Russian bombing has forced the Rivne nuclear power plant in southern Ukraine to reduce power. Bombing nearby risked damage to the power grid, the reduction of power was done as a safety margin in case the regional grid suddenly went down.
The Khmelnytskyi nuclear power plant in western Ukraine saw a reactor go into automatic shutdown after Russia bombed the power plant. Plant staff reported no damage to critical systems at the plant. Reactors can go into SCRAM (a safety-related automatic shutdown) due to extreme movement or fluctuations in reactor system readings.
The more concerning development this week was a new report that Russia is draining the lake that supplies cooling water to the Zaporizhzhia nuclear power plant. Russian occupiers opened water discharge gates on the downstream dam to drain the lake. The region around the nuclear plant and on that side of the river is occupied by Russian forces preventing Ukraine from doing anything to mitigate the problem. The lake was currently at 14 meters, if it drops to below 13.2 meters, the plant would risk being unable to cool the reactors.

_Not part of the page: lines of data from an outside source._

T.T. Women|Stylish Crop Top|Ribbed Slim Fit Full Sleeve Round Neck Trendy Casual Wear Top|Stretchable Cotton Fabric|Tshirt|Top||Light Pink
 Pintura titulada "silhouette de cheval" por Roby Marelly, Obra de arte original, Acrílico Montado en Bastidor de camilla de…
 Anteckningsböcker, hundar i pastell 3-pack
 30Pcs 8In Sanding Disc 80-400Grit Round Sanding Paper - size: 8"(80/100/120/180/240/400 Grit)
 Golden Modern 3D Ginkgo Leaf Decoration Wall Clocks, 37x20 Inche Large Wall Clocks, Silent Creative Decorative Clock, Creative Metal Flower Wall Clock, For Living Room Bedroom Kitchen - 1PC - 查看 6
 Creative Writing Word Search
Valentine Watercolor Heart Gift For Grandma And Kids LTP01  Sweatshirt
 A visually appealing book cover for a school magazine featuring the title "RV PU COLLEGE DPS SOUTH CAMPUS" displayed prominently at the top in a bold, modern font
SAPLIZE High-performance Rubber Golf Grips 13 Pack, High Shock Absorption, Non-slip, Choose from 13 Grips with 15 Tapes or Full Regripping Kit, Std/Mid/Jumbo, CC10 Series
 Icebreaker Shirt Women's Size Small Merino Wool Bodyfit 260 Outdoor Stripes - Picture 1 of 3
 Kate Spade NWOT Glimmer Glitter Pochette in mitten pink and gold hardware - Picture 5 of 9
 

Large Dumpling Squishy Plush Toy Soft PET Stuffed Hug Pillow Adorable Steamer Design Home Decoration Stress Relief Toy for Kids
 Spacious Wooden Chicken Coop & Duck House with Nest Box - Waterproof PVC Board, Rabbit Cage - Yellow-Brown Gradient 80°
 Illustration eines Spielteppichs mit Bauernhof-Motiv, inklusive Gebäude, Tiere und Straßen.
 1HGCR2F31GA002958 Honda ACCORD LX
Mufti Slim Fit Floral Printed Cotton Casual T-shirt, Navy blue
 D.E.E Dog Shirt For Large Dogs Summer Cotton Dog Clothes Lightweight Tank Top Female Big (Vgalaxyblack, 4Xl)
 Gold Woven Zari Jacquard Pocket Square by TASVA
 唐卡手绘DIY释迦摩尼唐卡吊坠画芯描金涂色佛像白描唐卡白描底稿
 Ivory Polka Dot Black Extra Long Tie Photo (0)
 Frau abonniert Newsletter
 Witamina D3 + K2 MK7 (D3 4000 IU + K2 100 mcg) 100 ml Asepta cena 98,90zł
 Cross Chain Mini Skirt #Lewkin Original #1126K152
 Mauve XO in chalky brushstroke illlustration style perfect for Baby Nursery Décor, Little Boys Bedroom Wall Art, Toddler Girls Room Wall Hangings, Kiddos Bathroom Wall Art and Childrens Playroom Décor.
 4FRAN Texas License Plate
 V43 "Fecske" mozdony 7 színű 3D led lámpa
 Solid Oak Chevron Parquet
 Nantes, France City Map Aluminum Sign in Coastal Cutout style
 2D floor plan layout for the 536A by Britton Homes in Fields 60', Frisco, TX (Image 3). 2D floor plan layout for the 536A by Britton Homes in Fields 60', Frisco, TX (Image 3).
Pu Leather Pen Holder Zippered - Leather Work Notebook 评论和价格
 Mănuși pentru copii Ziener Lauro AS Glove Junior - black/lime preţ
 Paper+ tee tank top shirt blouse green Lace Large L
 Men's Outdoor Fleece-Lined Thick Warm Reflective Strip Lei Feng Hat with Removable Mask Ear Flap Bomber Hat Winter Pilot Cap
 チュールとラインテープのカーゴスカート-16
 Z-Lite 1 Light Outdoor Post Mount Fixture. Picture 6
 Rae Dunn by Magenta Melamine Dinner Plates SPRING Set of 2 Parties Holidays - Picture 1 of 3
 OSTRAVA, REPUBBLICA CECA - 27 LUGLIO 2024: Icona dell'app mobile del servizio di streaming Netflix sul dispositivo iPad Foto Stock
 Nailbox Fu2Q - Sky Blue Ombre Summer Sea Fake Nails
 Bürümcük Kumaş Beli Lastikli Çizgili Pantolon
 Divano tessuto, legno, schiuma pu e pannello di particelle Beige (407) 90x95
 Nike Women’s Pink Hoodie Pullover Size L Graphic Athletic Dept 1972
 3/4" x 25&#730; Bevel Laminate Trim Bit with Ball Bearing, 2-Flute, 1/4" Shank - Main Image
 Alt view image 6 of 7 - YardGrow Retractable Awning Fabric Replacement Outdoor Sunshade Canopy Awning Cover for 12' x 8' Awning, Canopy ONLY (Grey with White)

Operational reactors require significant amounts of constant cooling water from a nearby water source. Reactors that are shut down continue to need cooling water to keep the reactor core cooled and for spent fuel pool cooling. Losing cooling water becomes a significant emergency even if the entire plant is shut down. Officials said the plant isn’t in immediate danger but are closely watching the water level on the lake. It is worth noting that the main cause of the meltdowns at Fukushima Daiichi was the inability to cool the reactors. While that was different circumstances the risk is the same.